2017-05-28 Thread Nicholas Piggin
Current busy-wait loops are implemented by repeatedly calling cpu_relax()
to give an arch option for a low-latency option to improve power and/or
SMT resource contention.

This poses some difficulties for powerpc, which has SMT priority setting
instructions (priorities determine how ifetch cycles are apportioned).
powerpc's cpu_relax() is implemented by setting a low priority then
setting normal priority. This has several problems:

 - Changing thread priority can have some execution cost and potential
   impact to other threads in the core. It's inefficient to execute them
   every time around a busy-wait loop.

 - Depending on implementation details, a `low ; medium` sequence may
   not have much if any affect. Some software with similar pattern
   actually inserts a lot of nops between, in order to cause a few fetch
   cycles with the low priority.

 - The busy-wait loop runs with regular priority. This might only be a few
   fetch cycles, but if there are several threads running such loops, they
   could cause a noticable impact on a non-idle thread.

Implement spin_begin, spin_end primitives that can be used around busy
wait loops, which default to no-ops. And spin_cpu_relax which defaults to
cpu_relax.

This will allow architectures to hook the entry and exit of busy-wait
loops, and will allow powerpc to set low SMT priority at entry, and
normal priority at exit.

Suggested-by: Linus Torvalds 
Signed-off-by: Nicholas Piggin 
---

Since last time:
- Fixed spin_do_cond with initial test as suggested by Linus.
- Renamed it to spin_until_cond, which reads a little better.

 include/linux/processor.h | 70 +++
 1 file changed, 70 insertions(+)
 create mode 100644 include/linux/processor.h

diff --git a/include/linux/processor.h b/include/linux/processor.h
new file mode 100644
index ..da0c5e56ca02
--- /dev/null
+++ b/include/linux/processor.h
@@ -0,0 +1,70 @@
+/* Misc low level processor primitives */
+#ifndef _LINUX_PROCESSOR_H
+#define _LINUX_PROCESSOR_H
+
+#include 
+
+/*
+ * spin_begin is used before beginning a busy-wait loop, and must be paired
+ * with spin_end when the loop is exited. spin_cpu_relax must be called
+ * within the loop.
+ *
+ * The loop body should be as small and fast as possible, on the order of
+ * tens of instructions/cycles as a guide. It should and avoid calling
+ * cpu_relax, or any "spin" or sleep type of primitive including nested uses
+ * of these primitives.

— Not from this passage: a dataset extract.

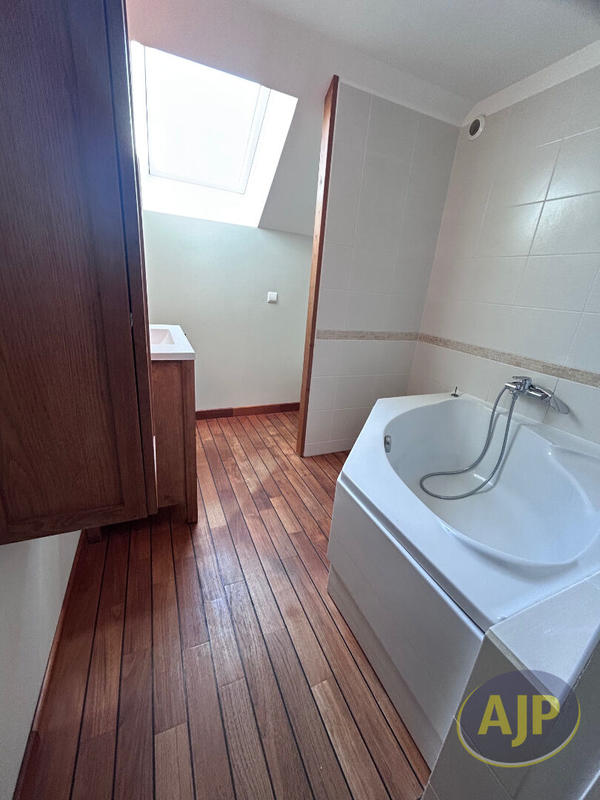 Maison - 121 m² - 5 pièces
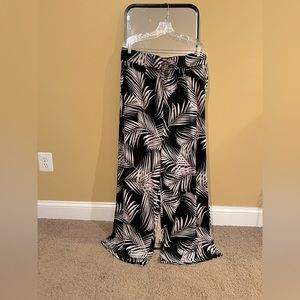 WHBM The Wide Leg Palm Leaf Print Pants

It should not lock or take any other resource.
+ * Violations of these guidelies will not cause a bug, but may cause sub
+ * optimal performance.
+ *
+ * These loops are optimized to be used where wait times are expected to be
+ * less than the cost of a context switch (and associated overhead).
+ *
+ * Detection of resource owner and decision to spin or sleep or guest-yield
+ * (e.g., spin lock holder vcpu preempted, or mutex owner not on CPU) can be
+ * tested within the loop body.
+ */
+#ifndef spin_begin
+#define spin_begin()
+#endif
+
+#ifndef spin_cpu_relax
+#define spin_cpu_relax() cpu_relax()
+#endif
+
+/*
+ * spin_cpu_yield may be called to yield (undirected) to the hypervisor if
+ * necessary. This should be used if the wait is expected to take longer
+ * than context switch overhead, but we can't sleep or do a directed yield.
+ */
+#ifndef spin_cpu_yield
+#define spin_cpu_yield() cpu_relax_yield()
+#endif
+
+#ifndef spin_end
+#define spin_end()
+#endif
+
+/*
+ * spin_until_cond can be used to wait for a condition to become true. It
+ * may be expected that the first iteration will true in the common case
+ * (no spinning), so that callers should not require a first "likely" test
+ * for the uncontended case before using this primitive.
+ *
+ * Usage and implementation guidelines are the same as for the spin_begin
+ * primitives, above.
+ */
+#ifndef spin_until_cond
+#define spin_until_cond(cond)  \
+do {   \
+   if (unlikely(!(cond))) {\
+   spin_begin();   \
+   do {\
+   spin_cpu_relax();   \
+   } while (!(cond));  \
+   spin_end(); \
+   }   \
+} while (0)
+
+#endif
+
+#endif /* _LINUX_PROCESSOR_H */
-- 
2.11.0